- **Problem description**: Set every line of the data down again exactly, and keep the pictures out.

- **Information supplied**:
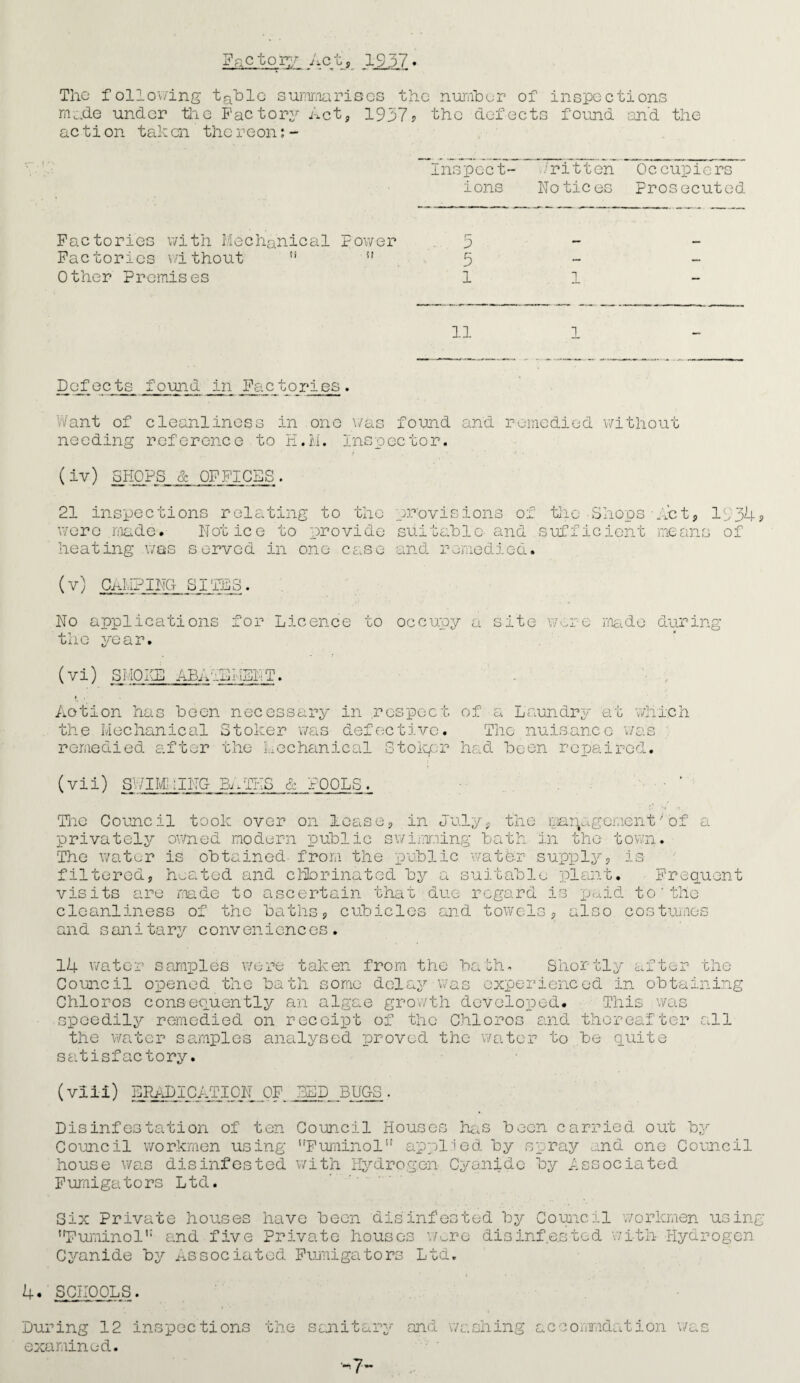 The following table summarises the number of inspections made under the Factory Act, 1937? the defects found end the ac ti on tak cn the reon: - Inspect- Jritten Occupiers ions Notices Prosecuted Factories with Mechanical Power 5 Factories without !i 11 5 — Other Premises 1 1 — 11 1 - Defects found in Factories. Want of cleanliness in one was found and remedied without needing reference to H.l.M Inspector. (iv) SHOPS & OFFICES. 21 inspections relating to the provisions of the Shops Act, 1334, were made. Notice to provide suitable-and sufficient means of heating was served in one case and remedied. (v) CAPPING SITES♦ No applications for Licence to occupy a site were made during the year. (vi) SMOKE ABAISPENT. Aotion has been necessary in respect the Mechanical Stoker was defective. remedied after the Mechanical Stoker (vii) SWIMMING EaTES & POOLS. of a Laundry at which The nuisance was had been repaired. The Council took over on lease., in July, the management'of a privately owned modern public swimming bath in the town. The water is obtained from the public water supply, is filtered, heated and chlorinated by a suitable plant. Frequent visits are made to ascertain that due regard is joaid to'the cleanliness of the baths, cubicles and towels, also costumes and sanitary conveniences. 14 water samples were taken from the bath. Shortly after the Council opened the bath some delay was experienced in obtaining Chloros consequently an algae growth developed. This was speedily remedied on receipt of the Chloros and thereafter all the water samples analysed proved the water to be quite satisfactory. (viii) ERADICATION OF BED BUGS. Disinfestation of ten Council Houses has been carried out by Council workmen using l(Fuminolif applied by spray and one Council house was disinfested with Hydrogen Cyanide by Associated Fumigators Ltd. Six Private houses have been disinfested by Council Fuminol': and five Private houses were disinfested Cyanide by Associated Fumigators Ltd. workmen using ith Hydrogen 4. SCHOOLS. During 12 inspections examined. the sani'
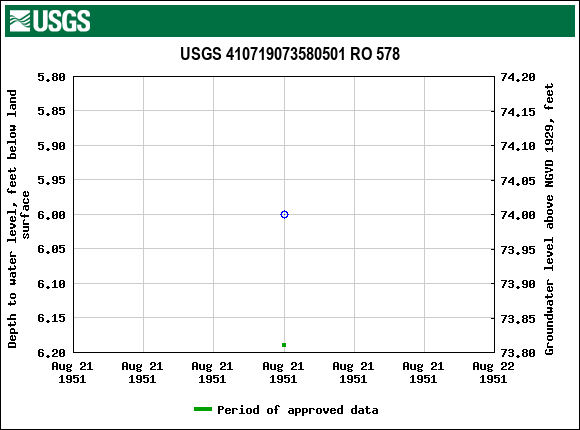 Graph of groundwater level data at USGS 410719073580501 RO 578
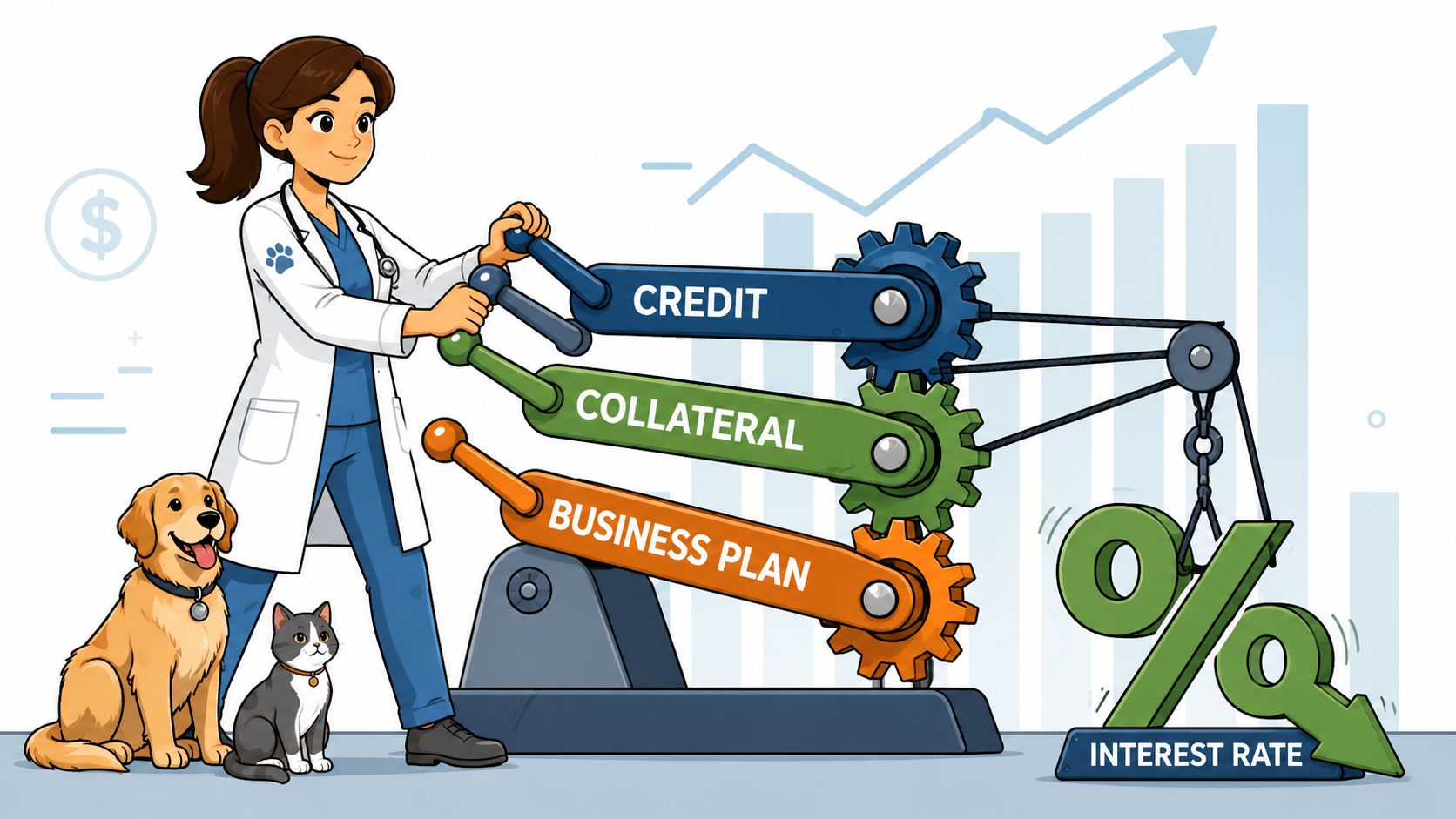 A veterinarian controls levers labeled credit, collateral, and business plan to lower interest rates for a loan.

- **Task solution**:
 The following table summarises the number of inspections made under the Factory Act, 1937? the defects found end the ac ti on tak cn the reon: - Inspect- Jritten Occupiers ions Notices Prosecuted Factories with Mechanical Power 5 Factories without !i 11 5 — Other Premises 1 1 — 11 1 - Defects found in Factories. Want of cleanliness in one was found and remedied without needing reference to H.l.M Inspector. (iv) SHOPS & OFFICES. 21 inspections relating to the provisions of the Shops Act, 1334, were made. Notice to provide suitable-and sufficient means of heating was served in one case and remedied. (v) CAPPING SITES♦ No applications for Licence to occupy a site were made during the year. (vi) SMOKE ABAISPENT. Aotion has been necessary in respect the Mechanical Stoker was defective. remedied after the Mechanical Stoker (vii) SWIMMING EaTES & POOLS. of a Laundry at which The nuisance was had been repaired. The Council took over on lease., in July, the management'of a privately owned modern public swimming bath in the town. The water is obtained from the public water supply, is filtered, heated and chlorinated by a suitable plant. Frequent visits are made to ascertain that due regard is joaid to'the cleanliness of the baths, cubicles and towels, also costumes and sanitary conveniences. 14 water samples were taken from the bath. Shortly after the Council opened the bath some delay was experienced in obtaining Chloros consequently an algae growth developed. This was speedily remedied on receipt of the Chloros and thereafter all the water samples analysed proved the water to be quite satisfactory. (viii) ERADICATION OF BED BUGS. Disinfestation of ten Council Houses has been carried out by Council workmen using l(Fuminolif applied by spray and one Council house was disinfested with Hydrogen Cyanide by Associated Fumigators Ltd. Six Private houses have been disinfested by Council Fuminol': and five Private houses were disinfested Cyanide by Associated Fumigators Ltd. workmen using ith Hydrogen 4. SCHOOLS. During 12 inspections examined. the sani'
 Graph of groundwater level data at USGS 410719073580501 RO 578
 A veterinarian controls levers labeled credit, collateral, and business plan to lower interest rates for a loan.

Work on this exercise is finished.